Vêde que não tivémos coragem de vos deixar aterrar num contentor na companhia de Modeste e Pompon (mais baratos que vós: 4 escudos) Conheceis?

Continência comovida.

Lizzie disse...

Alien:

clicando nas palavras castanhas que estão em baixo daquele quadro horroroso do Imeen, verás que lá botei o mi niña Lola da Buika. Se passa dos 30", isso já não sei. Mas espero que sim.

Estou como a Emma: enferruja-se-me o relógio e vou espreitar o mar nas imagens.

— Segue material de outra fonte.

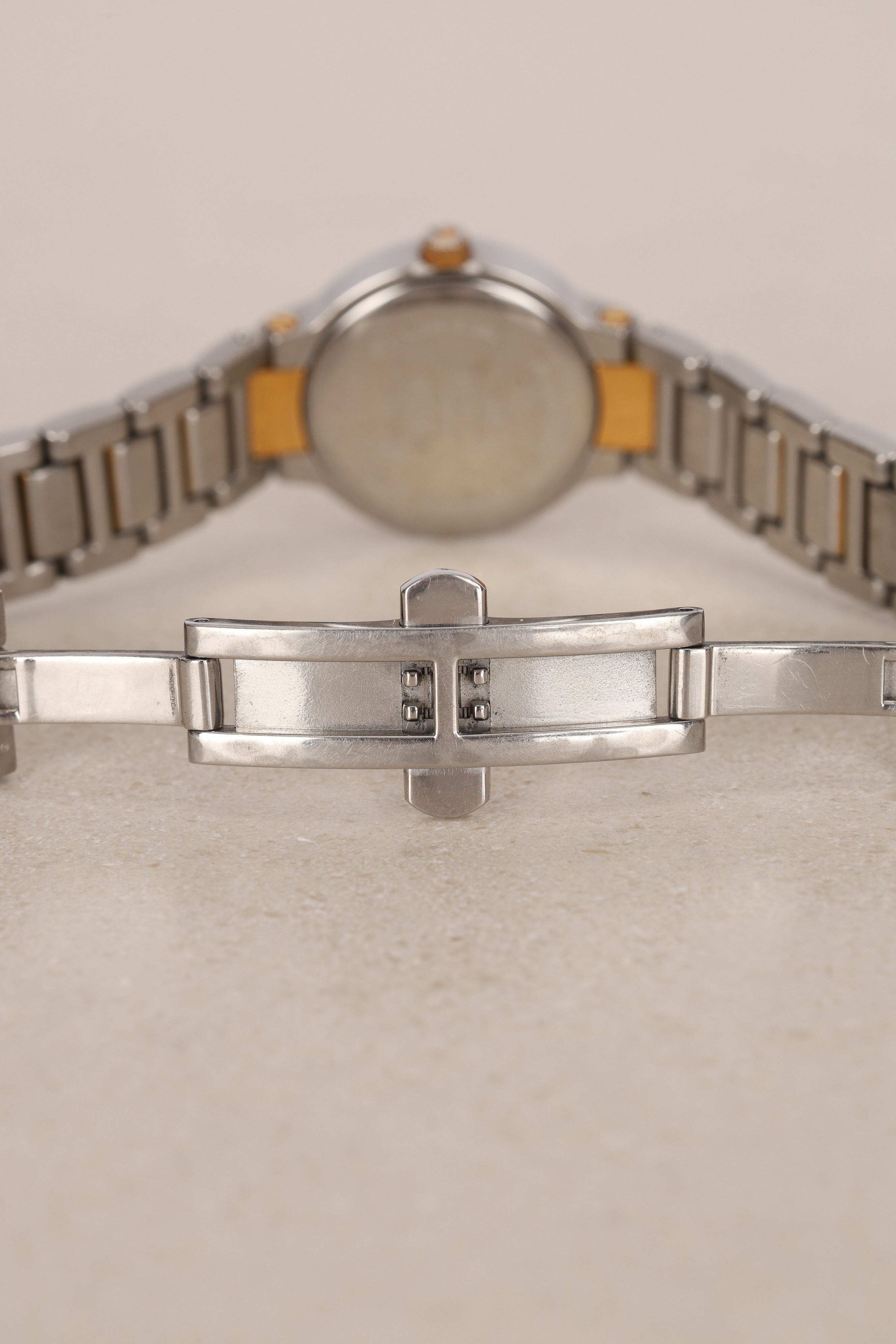 Gucci Oval Gold Watch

Quanto a mestres e a chefes: pois o primeiro é um velhote ex pescador e mestre de barcaça que agora virou cozinheiro duma tasca simpática e acolhedora sem luxo algum mas muito asseada. Vem por oposição a um segundo, com a categoria de Chefe que cozinha um peixe supostamente grelhado. É que no meio de tanto molho, decoração e nomenclatura francesa mal se dá por ele. E toda a gente é de muito alimento:)) Até os rabanetes são do tamanho de azeitonas.

Também gostei do discurso da Pene. E aquela parte em castelhano, bueno, nos ha dado mucha comocíon. Nos ha tocado en nuestros adentros como si fuera la chica família, no?
Nosotros somos de lo más sentimental que puedas creerte.

E eu a pensar que só os espanhóis e os portuenses, carago, é que eram desbocados e asneirentos...até na Ria de Aveiro!
Também misturam raiva com amor?
E também depende do tom de voz a distinção entre zanga zangada e ternura?


Obrigada e abraços para ti e para tú niña Lola.

Lizzie disse...

Teresa:

já derivei por vários, quase todos fascinantes, alguns escritos por mulheres, com a visão femenina dos factos.

Editaram-se agora uma série de autores esquecidos e, passado um certo luto, muita gente está a escrever sobre a guerra.

Felizmente, tenho a facilidade de os ler em espanhol. Fico sempre irritada com as más traduções. Existem expressões em castelhano, com asneiras incluídas, que quando traduzidas literalmente para português, resultam em ordinarice e não correspondem ao sentido que têm na língua materna.

Arábica disse...

Eu sei o que é ter uma criança dentro de nós, que não resiste a um balouço :)

Os guarda jardins de Chaves que não saibam que aqui estou :)

Quando digo mascarar digo: deixar a criança sair e tomar conta por inteiro.

É assi que às vezes faço: quando me sento no chão com a neta.


A mim emociou-me a emoção, a paixão da sua voz, dos seus olhos.

Tal como Sean Penn me tinha emocionado com a sua interpretação, um mês antes.

Beijos e um bom dia :)

Anónimo disse...

Por supuesto,tiquetaca ainda a tua alma sempre na reconhecível hidratação engenhosa e geniosa. Zona bem demarcada.:)
É bom embebedar-me nestas firmes folias do teu imaginário, mais este doc das terras de Palmela, afortunadamente encontrado em preço anti-crise.
Assim, no dia irreverente, deixo-me navegar, molhar, afundar na jangada ibérica, em vez de nas profundas obrigações de que nem o menino jasus precisou para ser feliz (incluindo as bibliotecas).